No one gets to make such a career in U.S. public broadcasting. Almost no one in America gets to make a writerly career on commercial TV, either. Rare is the writer who succeeds in being patronized for long in any sense. In the land of the free, you’re up or you’re out, period.

The exceptions--such as Steven Bochco, most recently auteur of “N.Y.P.D. Blue”--pay their dues writing genre pieces for years until, if they get lucky, they get a chance to come up with “Hill Street Blues.” Then, if a hundred miracles take place--if the studio is in favor and the executives of the moment happen to be receptive and the time slot isn’t terrible and the network doesn’t have anything more remunerative at the moment--the writer-producer gets to slip through the cracks. One commercial success may lead through a crack to the next door. Hardly ever does it lead to a career.

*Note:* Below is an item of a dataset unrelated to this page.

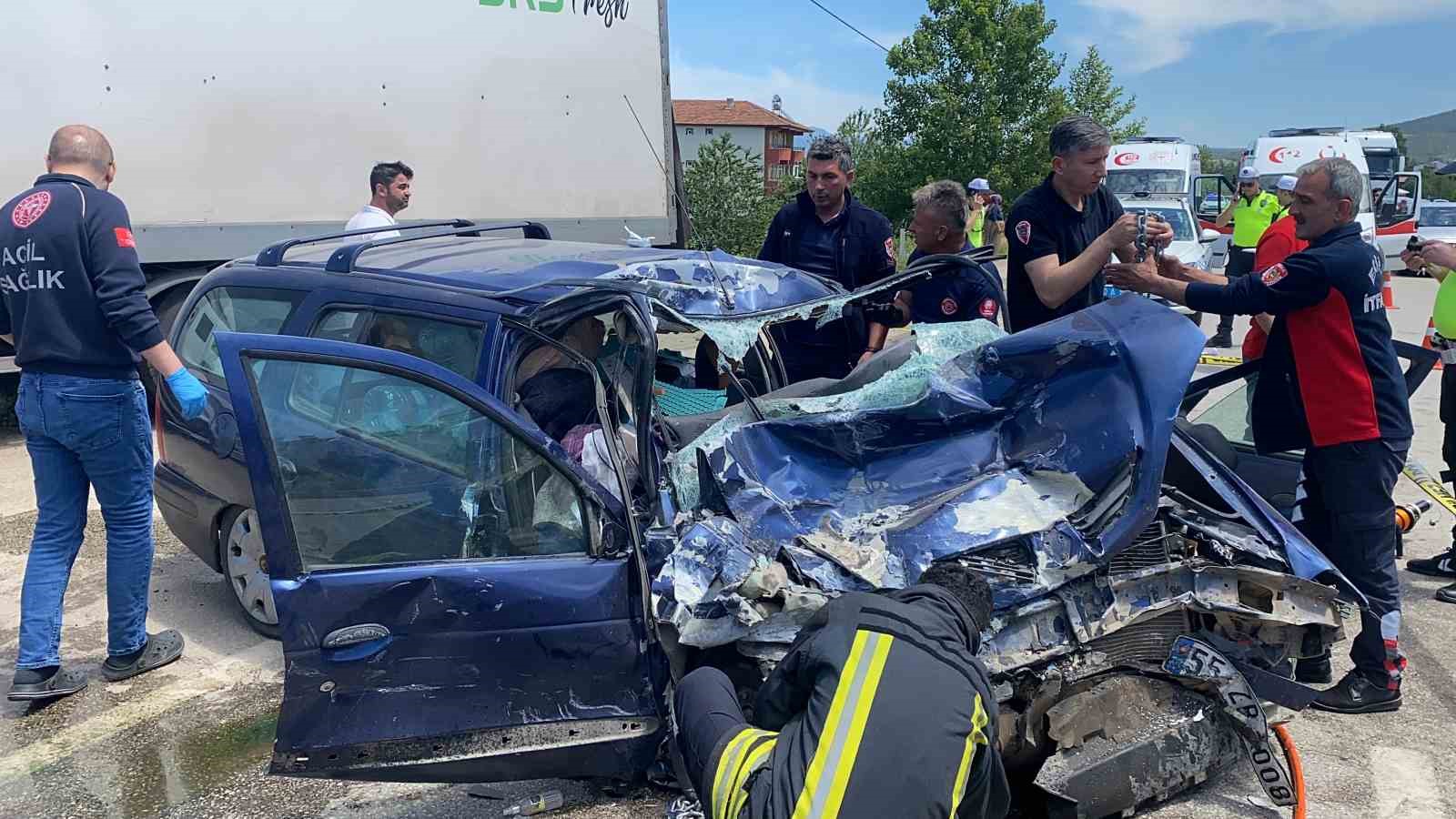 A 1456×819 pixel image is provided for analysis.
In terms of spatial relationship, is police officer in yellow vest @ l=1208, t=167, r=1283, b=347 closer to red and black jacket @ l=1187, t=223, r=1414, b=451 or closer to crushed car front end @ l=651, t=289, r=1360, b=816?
red and black jacket @ l=1187, t=223, r=1414, b=451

The problem isn’t just that all the tycoons want to do is make money--it’s that their ideas of how to make money are impoverished. For all their fabled genius and commitment to profit, most of what they put on fails on commercial grounds. Last year’s highly touted genius tycoon is likely to end up the next decade’s bust.

But while the fun lasts, today’s much-ogled moguls get to make their marks by designing new mastheads and stewards’ costumes for the Titanic. Diller, Laurence A. Tisch of CBS, Rupert Murdoch of Fox--the line on all of them is the bottom line. The most important thing is what they share: a commitment to the lowest common denominator, the least objectionable programming, the fanciest trash.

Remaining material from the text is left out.